PROBLEM: When you transcribe the listing that follows, keep every line exact and skip any picture.

GIVEN DATA:
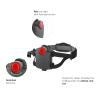 Ledlenser H7R.2 - Rechargeable LED Head Torch, Super Bright 300 Lumens Headlamp, Water Resistant (IPX6), Camping, Fishing, Hiking Equipment, Rechargeable Work Head Torch, Up to 30 Hours Running Time view 3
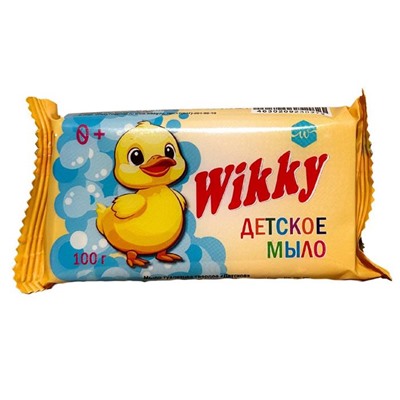 WIKKY Мыло туалетное 100г Детское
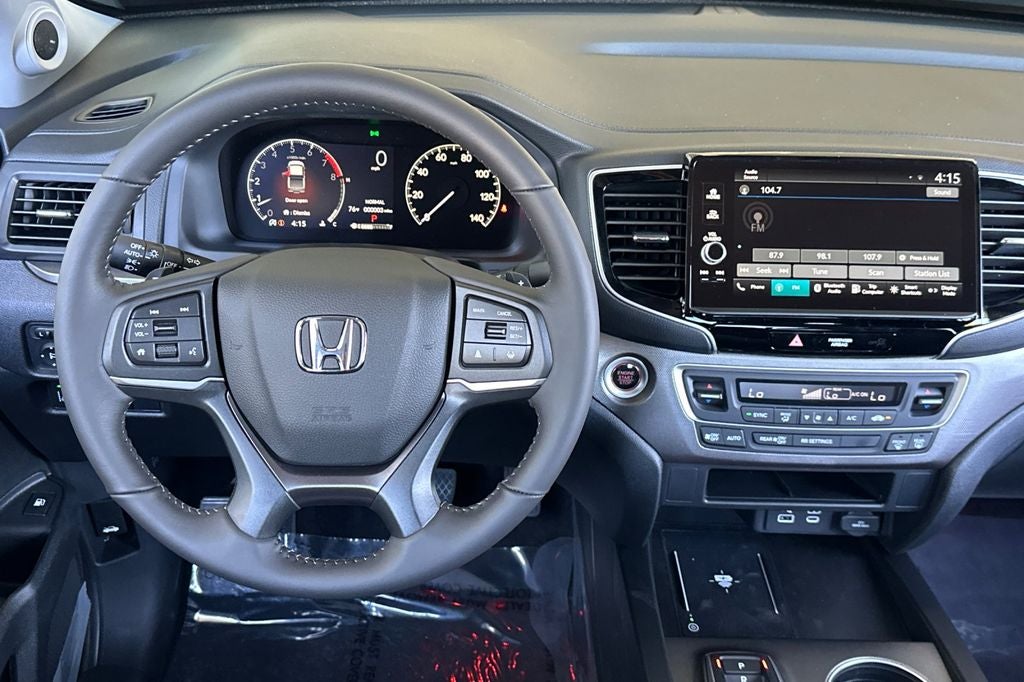 2025 Honda Ridgeline AWD SPORT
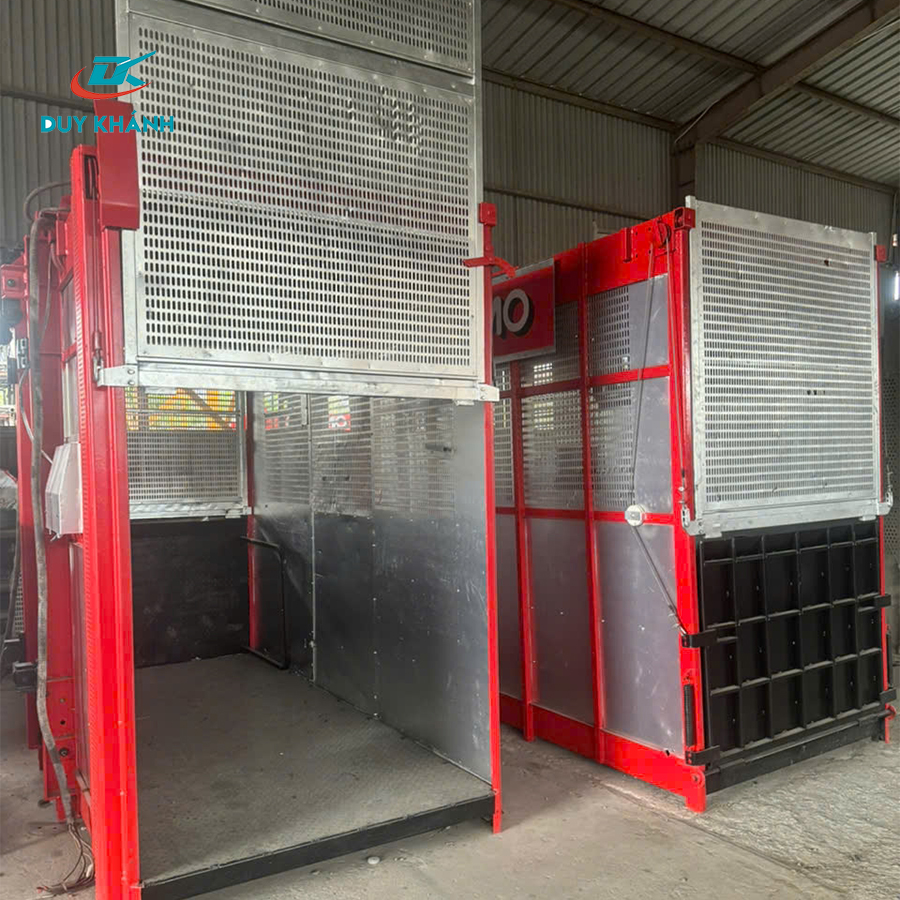 Bán vận thăng lồng chất lượng – Thiết bị nâng hạ phục vụ công trình xây dựng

RESPONSE BOX:
 Ledlenser H7R.2 - Rechargeable LED Head Torch, Super Bright 300 Lumens Headlamp, Water Resistant (IPX6), Camping, Fishing, Hiking Equipment, Rechargeable Work Head Torch, Up to 30 Hours Running Time view 3
 WIKKY Мыло туалетное 100г Детское
 2025 Honda Ridgeline AWD SPORT
 Bán vận thăng lồng chất lượng – Thiết bị nâng hạ phục vụ công trình xây dựng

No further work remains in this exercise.